I can see you've done this already in one of your alerts:

   - alert: "Total Messages > 10k in last 1 min"
      expr: rabbitmq_queue_messages > 10000
...
      annotations:
        summary: "'{{ $labels.queue }}' has total '*{{ $value }}*' messages 
for more than 1 min."

And this is reflected in the alert:

      description: 'Queue QUEUE_NAME in RabbitMQ has total *1.110738e+06* 
messages\n' +

        'for more than 1 minutes.\n',

      summary: "RabbitMQ Queue 'QUEUE_NAME' has more than 10L messages"

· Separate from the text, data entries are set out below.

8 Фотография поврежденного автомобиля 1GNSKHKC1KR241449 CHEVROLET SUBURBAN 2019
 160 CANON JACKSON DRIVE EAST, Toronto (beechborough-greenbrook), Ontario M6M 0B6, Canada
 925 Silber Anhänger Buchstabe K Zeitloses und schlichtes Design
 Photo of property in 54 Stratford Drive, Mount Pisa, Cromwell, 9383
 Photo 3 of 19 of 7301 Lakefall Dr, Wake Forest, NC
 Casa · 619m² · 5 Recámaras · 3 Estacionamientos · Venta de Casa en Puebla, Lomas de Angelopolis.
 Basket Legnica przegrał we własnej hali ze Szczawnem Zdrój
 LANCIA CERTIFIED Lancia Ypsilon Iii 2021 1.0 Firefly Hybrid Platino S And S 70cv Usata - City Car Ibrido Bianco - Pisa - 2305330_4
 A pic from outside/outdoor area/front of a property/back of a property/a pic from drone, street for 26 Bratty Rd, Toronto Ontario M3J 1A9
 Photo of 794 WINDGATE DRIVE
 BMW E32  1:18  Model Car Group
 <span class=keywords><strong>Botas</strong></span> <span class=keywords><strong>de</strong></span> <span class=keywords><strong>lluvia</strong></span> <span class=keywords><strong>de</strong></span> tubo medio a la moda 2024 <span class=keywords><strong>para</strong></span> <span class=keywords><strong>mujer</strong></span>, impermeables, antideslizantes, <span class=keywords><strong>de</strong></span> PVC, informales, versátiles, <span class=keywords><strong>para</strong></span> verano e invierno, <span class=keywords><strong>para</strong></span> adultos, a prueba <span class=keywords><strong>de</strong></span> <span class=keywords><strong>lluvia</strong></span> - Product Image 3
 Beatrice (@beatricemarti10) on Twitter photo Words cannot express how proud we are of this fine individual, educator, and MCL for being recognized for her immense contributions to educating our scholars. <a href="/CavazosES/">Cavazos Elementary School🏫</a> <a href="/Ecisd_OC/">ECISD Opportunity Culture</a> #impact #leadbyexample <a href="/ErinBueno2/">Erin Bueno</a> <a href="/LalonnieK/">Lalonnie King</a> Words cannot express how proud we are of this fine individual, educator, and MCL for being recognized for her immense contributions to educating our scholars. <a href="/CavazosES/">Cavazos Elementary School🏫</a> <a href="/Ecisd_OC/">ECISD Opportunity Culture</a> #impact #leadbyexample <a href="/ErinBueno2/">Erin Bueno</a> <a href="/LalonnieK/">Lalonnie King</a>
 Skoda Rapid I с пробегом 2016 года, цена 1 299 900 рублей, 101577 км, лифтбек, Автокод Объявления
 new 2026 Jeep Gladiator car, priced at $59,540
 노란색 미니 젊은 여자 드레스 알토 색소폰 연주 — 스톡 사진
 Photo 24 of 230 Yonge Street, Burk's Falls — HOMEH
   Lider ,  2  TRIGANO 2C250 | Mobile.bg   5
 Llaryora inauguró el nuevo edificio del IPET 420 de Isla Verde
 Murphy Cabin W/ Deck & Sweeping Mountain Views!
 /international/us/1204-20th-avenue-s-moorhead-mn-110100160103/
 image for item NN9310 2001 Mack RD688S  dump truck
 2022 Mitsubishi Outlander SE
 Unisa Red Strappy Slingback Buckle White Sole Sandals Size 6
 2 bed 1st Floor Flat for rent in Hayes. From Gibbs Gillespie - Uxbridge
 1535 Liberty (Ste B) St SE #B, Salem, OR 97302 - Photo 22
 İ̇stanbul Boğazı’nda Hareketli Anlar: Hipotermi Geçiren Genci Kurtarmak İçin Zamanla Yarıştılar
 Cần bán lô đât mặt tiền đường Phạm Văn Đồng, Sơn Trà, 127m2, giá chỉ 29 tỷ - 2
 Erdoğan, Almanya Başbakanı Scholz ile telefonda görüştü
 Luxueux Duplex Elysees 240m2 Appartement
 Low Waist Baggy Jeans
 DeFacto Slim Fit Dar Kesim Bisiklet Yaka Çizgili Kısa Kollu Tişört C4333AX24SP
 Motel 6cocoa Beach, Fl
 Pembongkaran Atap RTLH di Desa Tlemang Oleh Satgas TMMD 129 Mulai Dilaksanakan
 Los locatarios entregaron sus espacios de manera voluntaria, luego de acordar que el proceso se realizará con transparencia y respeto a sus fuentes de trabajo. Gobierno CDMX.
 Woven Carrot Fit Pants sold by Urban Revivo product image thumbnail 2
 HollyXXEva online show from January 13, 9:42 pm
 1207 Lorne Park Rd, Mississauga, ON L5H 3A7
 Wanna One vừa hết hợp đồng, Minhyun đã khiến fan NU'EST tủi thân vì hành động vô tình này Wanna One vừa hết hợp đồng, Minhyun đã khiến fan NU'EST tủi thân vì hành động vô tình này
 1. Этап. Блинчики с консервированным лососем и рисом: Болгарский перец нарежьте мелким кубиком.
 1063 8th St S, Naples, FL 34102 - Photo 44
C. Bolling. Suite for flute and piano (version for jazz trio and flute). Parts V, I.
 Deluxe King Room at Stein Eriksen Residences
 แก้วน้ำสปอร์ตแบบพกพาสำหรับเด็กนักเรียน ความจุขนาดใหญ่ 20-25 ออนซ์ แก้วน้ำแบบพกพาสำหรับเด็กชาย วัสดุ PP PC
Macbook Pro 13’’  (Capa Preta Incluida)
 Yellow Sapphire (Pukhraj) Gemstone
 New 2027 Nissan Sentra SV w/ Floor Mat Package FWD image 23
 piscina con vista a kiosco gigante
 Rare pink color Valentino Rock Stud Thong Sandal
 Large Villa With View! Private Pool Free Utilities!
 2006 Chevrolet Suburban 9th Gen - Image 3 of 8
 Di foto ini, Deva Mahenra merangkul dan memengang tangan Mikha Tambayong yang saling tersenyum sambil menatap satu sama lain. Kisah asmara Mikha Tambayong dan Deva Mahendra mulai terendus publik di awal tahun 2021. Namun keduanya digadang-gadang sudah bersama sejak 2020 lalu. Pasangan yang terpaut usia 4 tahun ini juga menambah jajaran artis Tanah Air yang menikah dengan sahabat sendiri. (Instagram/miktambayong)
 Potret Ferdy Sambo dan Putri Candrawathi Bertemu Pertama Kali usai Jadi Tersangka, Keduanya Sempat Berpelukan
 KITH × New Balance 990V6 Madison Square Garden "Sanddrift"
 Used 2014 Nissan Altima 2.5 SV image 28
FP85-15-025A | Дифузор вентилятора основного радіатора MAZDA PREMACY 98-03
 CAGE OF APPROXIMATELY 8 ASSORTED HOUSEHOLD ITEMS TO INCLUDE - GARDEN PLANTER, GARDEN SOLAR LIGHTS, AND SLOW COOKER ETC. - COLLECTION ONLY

rabbitmq_queue_messages is a vector containing zero or more instances of 
that metric.

rabbitmq_queue_messages > 10000 is a reduced vector, containing only those 
instance of the metric with a value greater than 10000.

You can see that the $value at the time the alert was generated 
was 1.110738e+06, which is 1,110,738, and that's clearly a lot more than 
10,000. Hence you get an alert. It's what you asked for.

If you want a more readable string in the annotation, you can use {{ $value 
| humanize }}, but it will lose some precision.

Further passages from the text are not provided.